But, again, this "displeasure" can quickly be turned into a different and rich form of pleasure, just as conventional "pleasures" can, with excessive repetition and heavyhanded emphasis, become tedious, boring, intrusive and annoying.



There are compensations for the loss of "the interesting". One might be freshness, one might be nature, and looking at nature.

"At the centre of [the Straubs' Antigone] there is first a tree that we sense had a hard time surviving the winter," says Cedric Anger in Cinemythology. "The moss is dry and the leaves yellowed by the sun. The mushroom sprouting at the roots indicates the age of the tree. It is, in other words, a tree that Straub went to the trouble of observing and then filming. This is something few directors do anymore as most of them operate more and more like parachutists, filming without taking the trouble to look."

The Straubs also listen: they use only direct sound, and when the wind flares on the mic they leave it in. It's a way for us to listen to the wind. "Actual sound" says a Swiss Straub commentator "had now clearly become the basic principle of their cinema, the determining element of what they call 'the respect for reality'. In other words, each shot is thought of as an uncuttable image-sound block."

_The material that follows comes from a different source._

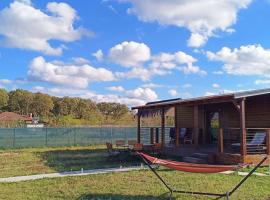 Pet Friendly wooden house near Forest，位于Leş的度假屋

In their introduction to an adaptation of Corneille's Othon, Straub and Huillet made clear how they want all the elements in their films to be equally interesting (which means equally boring): "The spoken text or words are no more important here than the very different rhythms and tempos of the actors and their accents… no more important than their particular voices, captured in the very moment, which struggle against the noise, the air, the space, the sun and the wind, no more important than the sighs they involuntarily heave, or the all the other of life’s little surprises recorded at the same time, like particular sounds that suddenly make sense; no more important than the effort actors make, the work they do and the risk they run, like tightrope or sleep walkers, from one end to the other of long fragments from a difficult text; no more important than the frame, which the actors are enclosed in; than their movements or positions inside that frame, than the background against which they stand; than the changes and leaps of light and color; no more important in any case than the cuts, the changes of images and shots."

And there it is. In a boring film where nothing really matters to you, suddenly you realize that -- if only we removed what we boringly think is interesting -- everything might matter. It's our fear of the boring which is boring us to death.